**Data extract:**
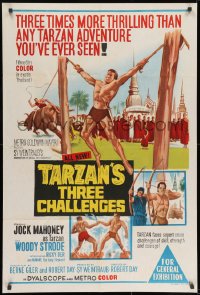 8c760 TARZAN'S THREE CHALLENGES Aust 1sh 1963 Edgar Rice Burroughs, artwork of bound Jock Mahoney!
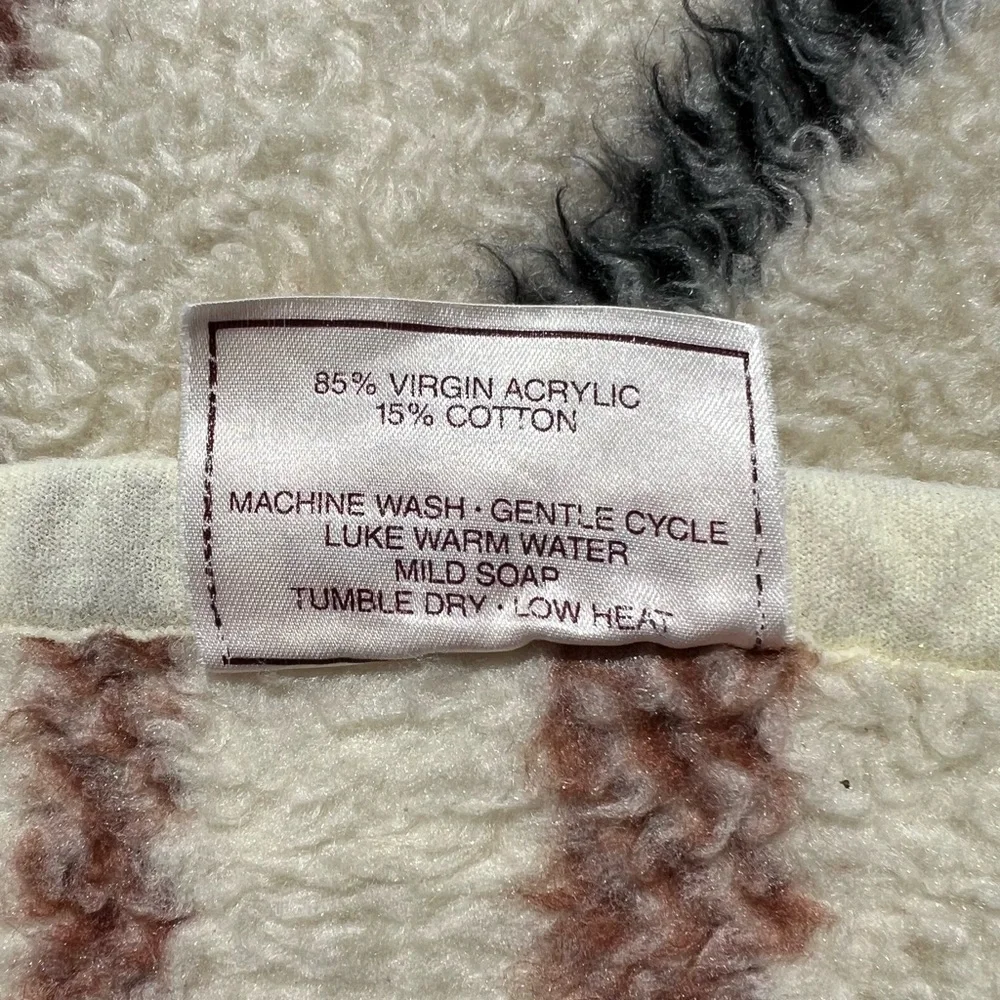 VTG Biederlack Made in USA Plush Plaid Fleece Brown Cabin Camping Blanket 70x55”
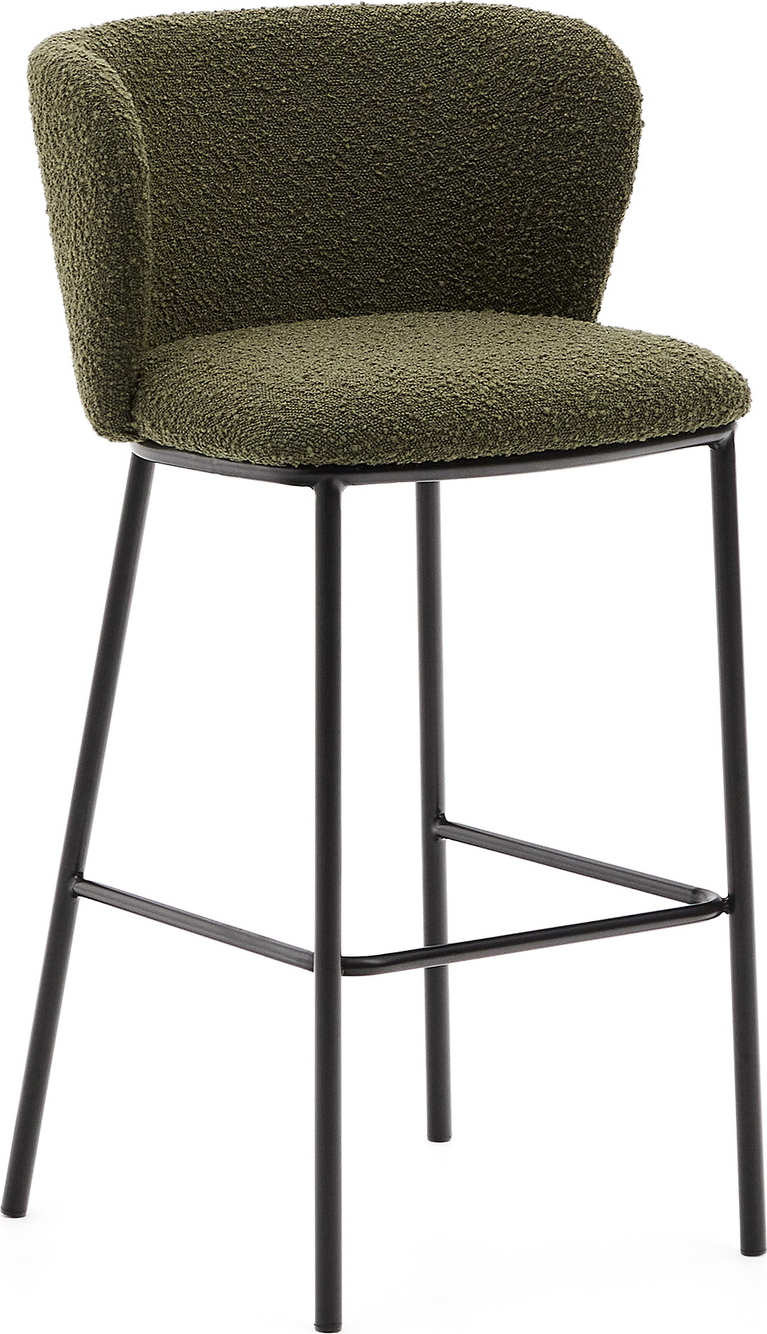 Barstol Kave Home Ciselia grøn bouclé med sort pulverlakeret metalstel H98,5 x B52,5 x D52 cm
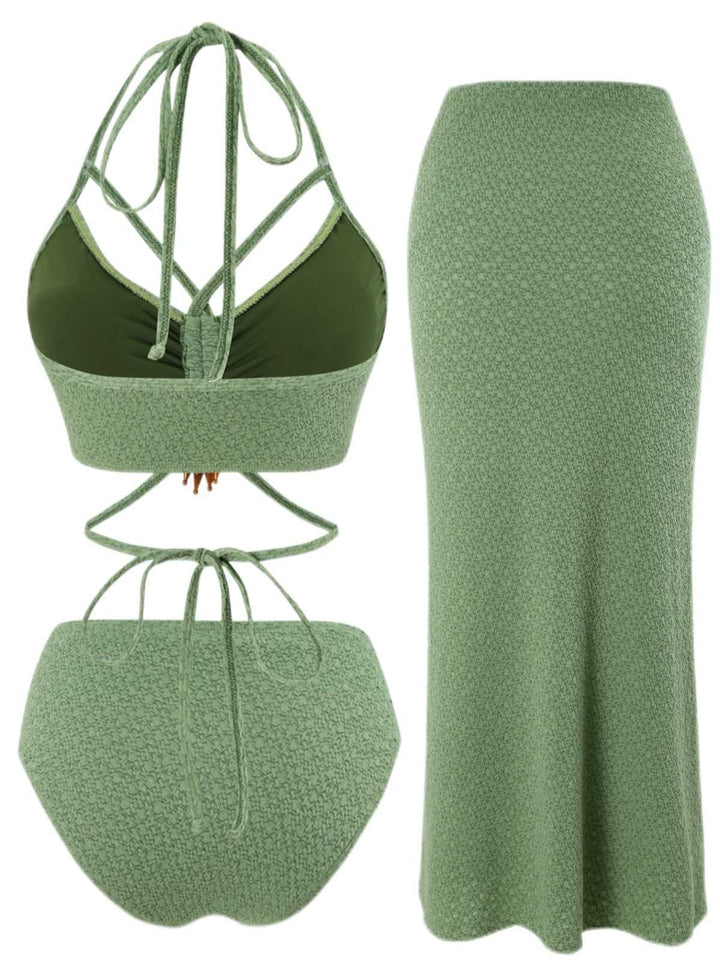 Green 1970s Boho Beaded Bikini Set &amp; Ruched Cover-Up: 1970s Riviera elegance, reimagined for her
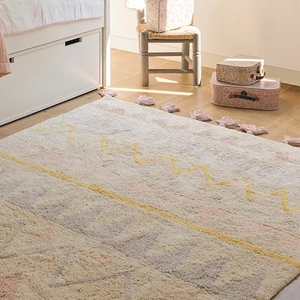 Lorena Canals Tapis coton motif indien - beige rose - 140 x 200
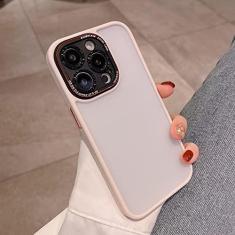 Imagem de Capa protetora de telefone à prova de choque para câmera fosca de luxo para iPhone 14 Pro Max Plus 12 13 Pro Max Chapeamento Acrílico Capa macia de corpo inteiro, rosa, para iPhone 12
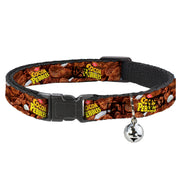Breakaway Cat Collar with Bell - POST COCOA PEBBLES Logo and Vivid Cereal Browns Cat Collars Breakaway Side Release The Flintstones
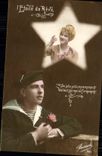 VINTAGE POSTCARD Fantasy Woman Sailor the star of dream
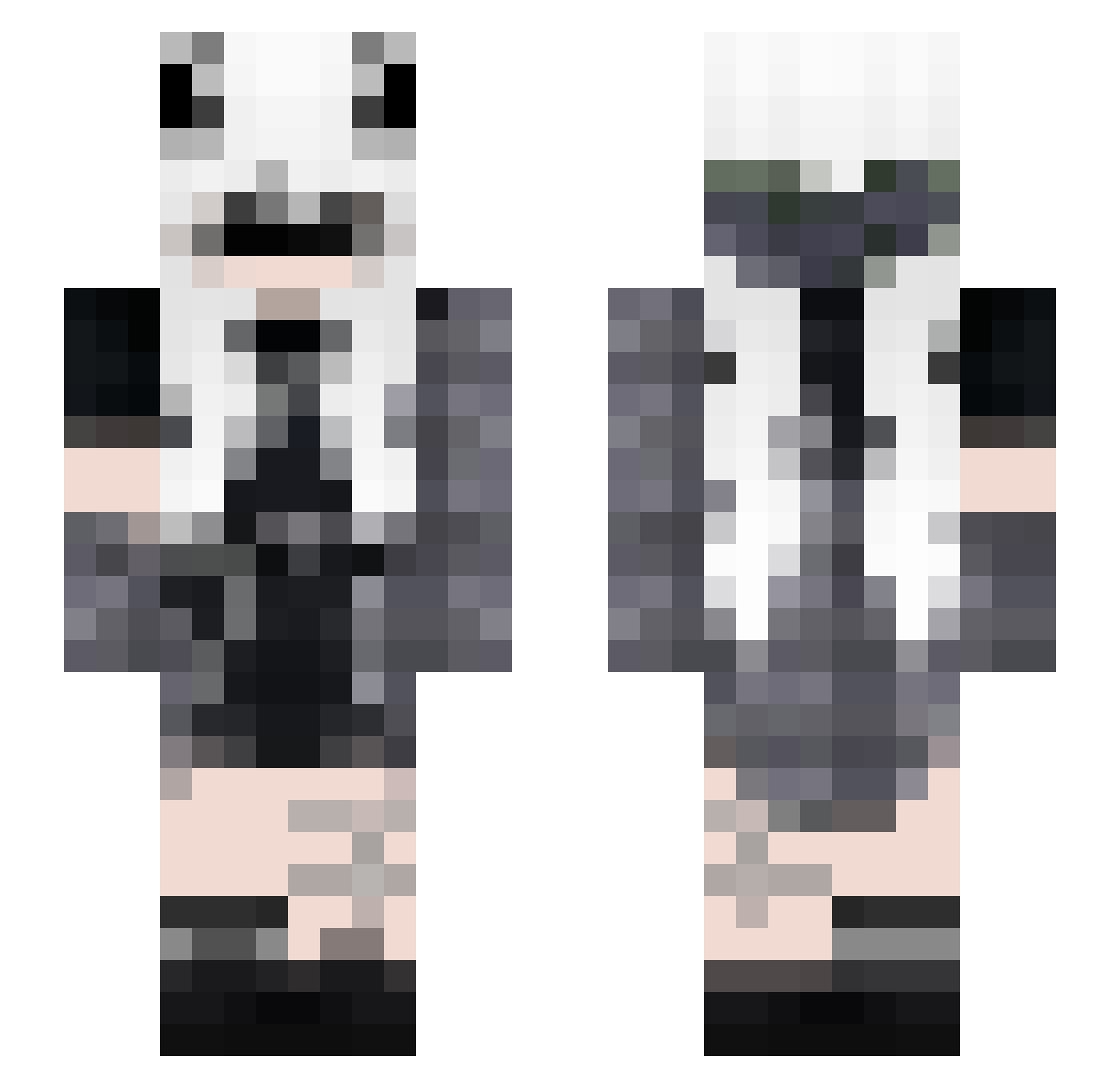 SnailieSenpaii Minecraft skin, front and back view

**Your instructions:**
Set down the records above word for word, from the first line through the line containing "Breakaway Cat Collar", both included; leave out the pictures.

**Answer to this exercise:**
 8c760 TARZAN'S THREE CHALLENGES Aust 1sh 1963 Edgar Rice Burroughs, artwork of bound Jock Mahoney!
 VTG Biederlack Made in USA Plush Plaid Fleece Brown Cabin Camping Blanket 70x55”
 Barstol Kave Home Ciselia grøn bouclé med sort pulverlakeret metalstel H98,5 x B52,5 x D52 cm
 Green 1970s Boho Beaded Bikini Set &amp; Ruched Cover-Up: 1970s Riviera elegance, reimagined for her
 Lorena Canals Tapis coton motif indien - beige rose - 140 x 200
 Imagem de Capa protetora de telefone à prova de choque para câmera fosca de luxo para iPhone 14 Pro Max Plus 12 13 Pro Max Chapeamento Acrílico Capa macia de corpo inteiro, rosa, para iPhone 12
Breakaway Cat Collar with Bell - POST COCOA PEBBLES Logo and Vivid Cereal Browns Cat Collars Breakaway Side Release The Flintstones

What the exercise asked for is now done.